Sidang Sengketa Informasi Ijazah Jokowi di KI DKI, Majelis Minta Bukti Diperkuat
JAKARTA — Komisi Informasi Provinsi DKI Jakarta menggelar sidang pembuktian sengketa informasi publik antara Pemohon Bonatua Silalahi dan Termohon Pemerintah Provinsi DKI Jakarta pada Rabu (10/12/2025).
Sidang dipimpin Ketua Majelis Komisioner KI DKI Jakarta Agus Wijayanto Nugroho, dengan Anggota Majelis Komisioner Harry Ara Hutabarat dan Aang Muhdi Gozali. Agenda sidang merupakan lanjutan dari sidang pembuktian sebelumnya.

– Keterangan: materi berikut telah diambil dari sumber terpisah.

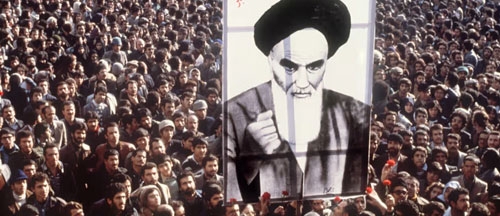 iran israel and america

Ketua Majelis Agus Wijayanto Nugroho menyoroti ketidakhadiran Pemohon pada sidang sebelumnya. Ia menegaskan bahwa kewajiban hadir telah disampaikan tanpa harus menunggu panggilan resmi.

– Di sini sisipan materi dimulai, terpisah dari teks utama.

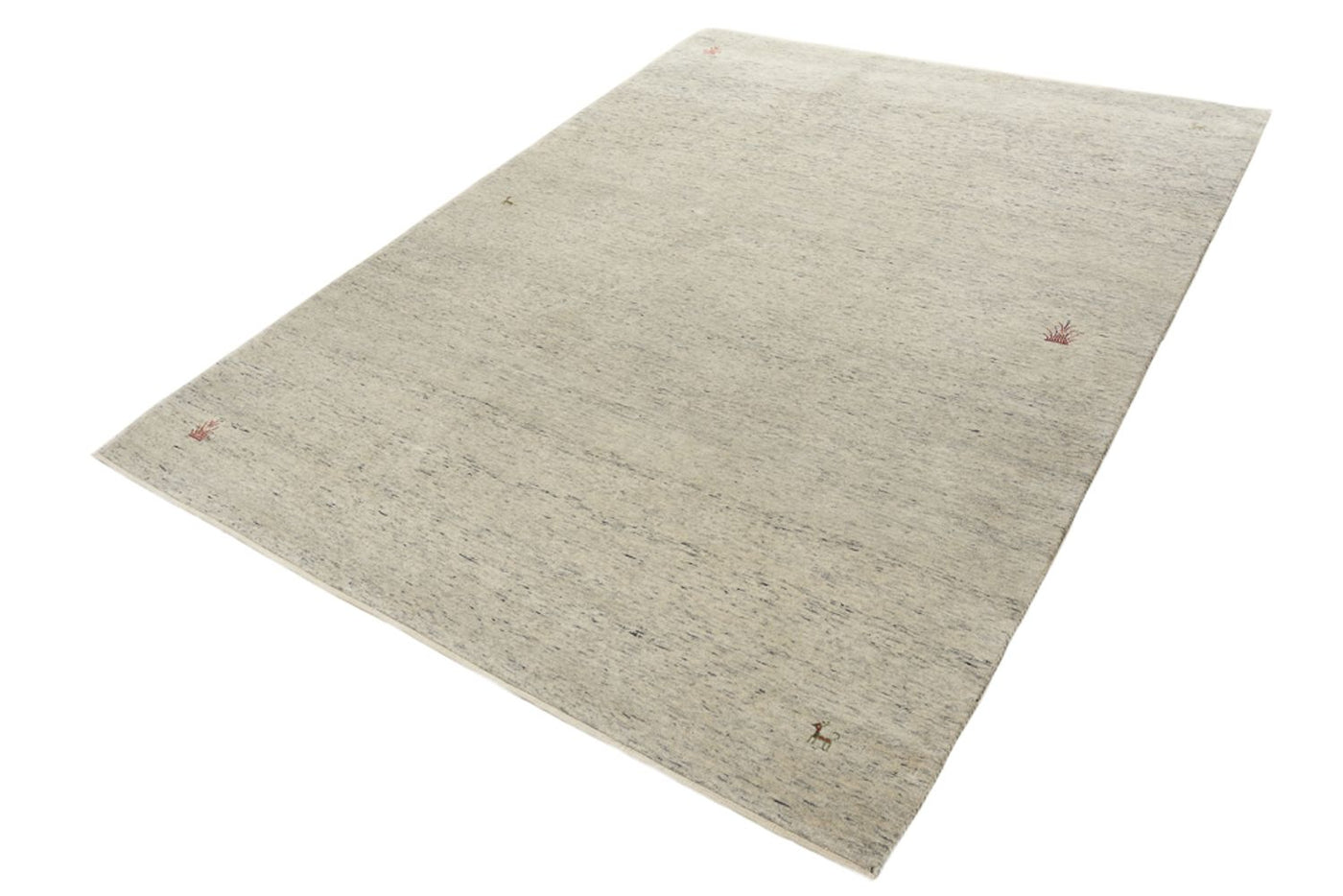 Loribaft Indo Tappeto 238x175cm - Tappeto di lana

“Dalam sidang sebelumnya sudah disampaikan bahwa para pihak wajib hadir tanpa panggilan. Pemberitahuan sidang sudah disampaikan sebagai relas. Jika saudara tidak hadir, maka dinilai tidak patut dan tidak menghormati persidangan,” ujar Agus.
Pemohon Bonatua Silalahi berdalih tidak menerima undangan resmi persidangan sehingga hanya menginformasikan jadwal sidang kepada kuasa hukumnya.

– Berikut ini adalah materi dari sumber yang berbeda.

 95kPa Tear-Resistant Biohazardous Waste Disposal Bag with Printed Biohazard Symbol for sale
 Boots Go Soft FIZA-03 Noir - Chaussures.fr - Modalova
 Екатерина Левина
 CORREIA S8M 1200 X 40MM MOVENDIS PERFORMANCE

Anggota Majelis Komisioner Harry Ara Hutabarat menegaskan bahwa sejak awal Pemohon menyatakan permintaan informasi publik dilakukan untuk memperoleh informasi secara legal dan ilmiah.
“Dalam sidang sebelumnya Pemohon menyampaikan bahwa informasi publik yang diminta ingin diperoleh secara legal dan ilmiah,” kata Harry.
Menanggapi hal tersebut, Bonatua menyatakan bahwa informasi yang dimohonkan ingin telah tervalidasi dan autentifikasi sesuai ketentuan peraturan perundang-undangan.
Bonatua menambahkan bahwa Pemerintah Provinsi DKI Jakarta juga memiliki peran sebagai pencipta arsip.
“Arsip itu tidak harus berasal dari KPU. Pemerintah Provinsi juga sebagai pencipta arsip, dan Sekretaris Daerah seharusnya menyimpan dokumen gubernur yang telah dilantik,” katanya.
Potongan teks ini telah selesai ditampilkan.